市街化調整区域は、乱開発を防ぎ農地や森林を守るエリアとして、都道府県などが都市計画法に基づき定める。住宅の新築、建て替えなどにも規制があり人口流入が進まないため、近年はコミュニティー維持が課題として浮上。各自治体で規制緩和の動きが広がり、政府も後押しする形だ。
改正案では、市町村が都道府県や住民代表とつくる「地域再生協議会」での議論を経て、移住促進計画を作成。計画の対象とした市街化調整区域内の空き家に関し、移住者側から購入の申請があった場合は、許可権者の都道府県知事らが「配慮する」と明記した。
改正案はこの他、就農希望の移住者を対象とした「農地付き空き家」を購入しやすくする。現行制度では市街化調整区域に限らず、原則50アール以上(北海道は2ha以上)の農地を買う必要がある。移住者には広すぎることが多いため、移住促進計画の区域内は、下限面積を一括して引き下げられるようにする。
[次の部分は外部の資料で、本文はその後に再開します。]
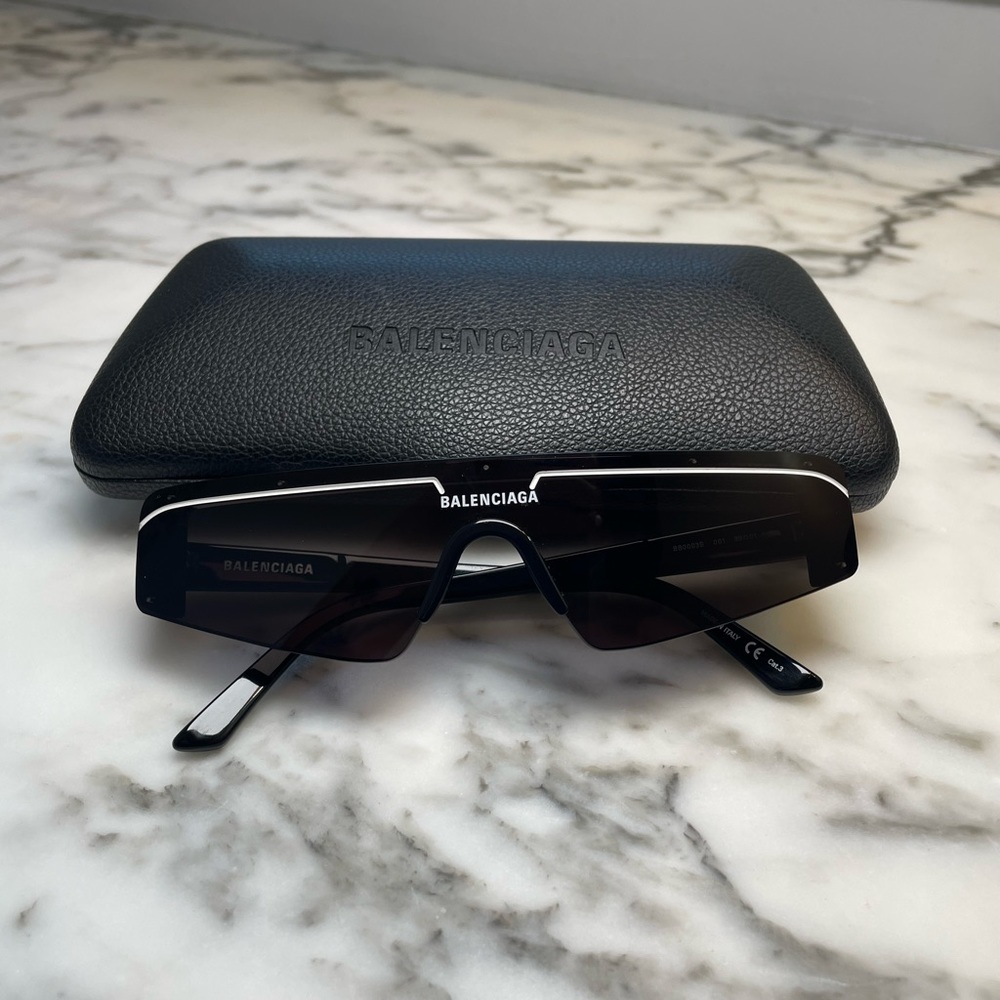 Balenciaga Ski Rectangle Sunglasses BB0003S 001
現在は、空き家と農地をセットで売却したい所有者側の申し出を受け、自治体の農業委員会が個別に下限面積を1アール程度まで引き下げる例が多く、手間がかかっていた。
【市街化調整区域】
2016年3月末時点で621自治体に設定されている。国土面積の約1割を占め、1,080万人が居住する。人口減少局面に入り、政府や自治体は開発抑制から、移住者の受け入れ促進にかじを切り始めている。国土交通省は16年、開発許可の運用指針を改正。区域内にある空き家の用途を変更し、飲食店や宿泊施設、賃貸住宅などに活用できるようにした。福岡市など一部自治体は、一定の条件を満たせば誰でも住宅の取得を認めている。